Аркадия тоже вербовали и не раз. Но в армии он прямо говорил, что не подходит для такой работы — в стукачи шли тихони и отличники боевой и политической, он же — рубаха-парень, весельчак, хулиган, возмутитель спокойствия и частый гость гауптвахты. А на гражданке, в писательской среде АН уже был умудрённый опытом и ощущал такое интеллектуальное превосходство над своими вербовщиками, что вычислял все их аргументы на восемь ходов вперёд и только неслышно подсмеивался в пышные усы. Может быть, в частности, ещё и поэтому не выпускали его за границу?
Аркадий Михайлович Арканов, друг АНа, рассказывал мне замечательный эпизод, как его самого вызывали на Лубянку в период опалы после «Метрополя».
«Явился по повестке, сел. Товарищ сразу включил магнитофон.
— Это, чтобы вы не думали, что мы тут тайно кого-то записываем, — и перешел к делу. — Аркадий Михайлович, вы же такой патриот! Как вы попали в эту компанию?!
Вопрос — риторический, и я молчу.
— А почему вы не бываете за границей?
— Это вы у меня спрашиваете? — удивляюсь. — Это я у вас должен спросить.
— Нет, но вы же — писатель. Вы должны многое видеть…

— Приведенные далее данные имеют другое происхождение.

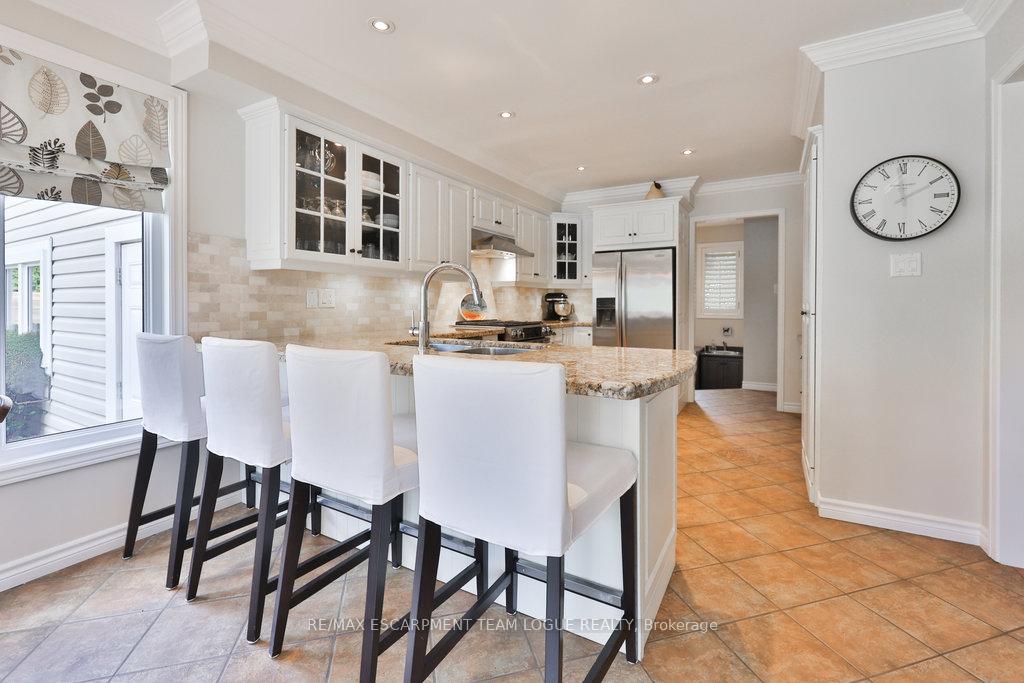 Photo 10 of 4135 Millcroft Park Drive, Burlington, Rose — HOMEH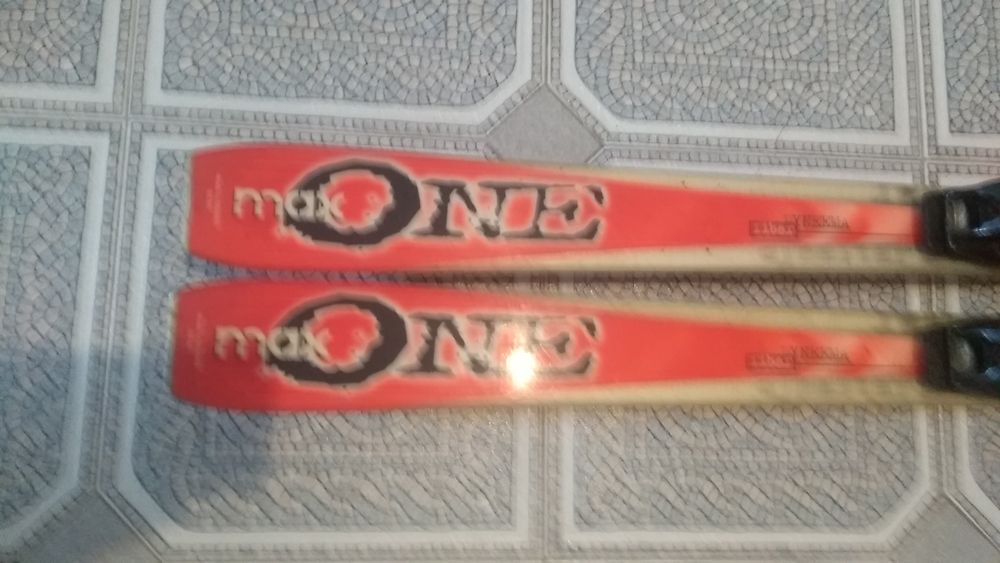 Narty zjazdowe Dynastar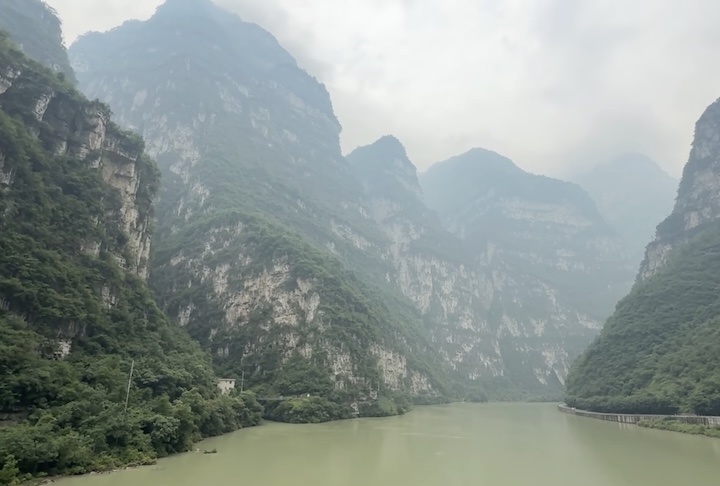 O lugar tem um dos cenários naturais mais impressionantes do país, marcado por penhascos verticais, vegetação densa e um rio de correnteza forte.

— Да, писатель, — соглашаюсь я. — Должен. Но не вижу.
— Так это от вас зависит! — восклицает он радостно. — Слыхали, новый „Метрополь“ готовится? А Гладилин уже там. Там многие друзья ваши… Вот вы поедете в Париж, с ними пообщаетесь, узнаете их настроение, как они там живут…
— А я поеду?
— Поедете, поедете.
— Хорошо. Я с удовольствием.
— Вот и славно. А потом расскажете. Но давайте начнём прямо сейчас. Рядом с вами в ЦДЛ много людей. Вы такой известный, вы — шахматист. О чём они говорят, эти люди? Нам очень интересно.
— Знаете, — сказал я. — Со мной рядом обычно сидят люди выпивающие. Говорим мы о шахматах. Потом они злоупотребляют алкоголем, они очень подвержены этому, и мы опять говорим о шахматах. Вам это совсем не интересно. Единственное, что я вам обещаю, — добавил я, — если вдруг услышу за соседним столиком или где-то ещё, что готовится заговор против советской власти, я вам немедленно позвоню. Даю слово.
Я сказал ему это на полном серьёзе.
— Аркадий Михайлович, давайте договоримся: у нас с вами не было этого разговора, и если вы увидите меня в ЦДЛ, мы с вами не знакомы.
Спустя несколько лет нас познакомили. Представили его как отличного мужика, хоть и оттуда. А меня всё это время никуда не пускали. Рубили все поездки. Выпускать стали только в 1989-м. Примерно тогда я в последний раз встретил его в буфете. Он заказал сто пятьдесят водки и был очень грустный.
— Не переживайте, — сказал я ему. — Всё у вас восстановится.
— Нет, — возразил он. —
Он был неглупый человек».
Я спросил у Аркадия Михайловича про АНа: «А его могли вот так же?»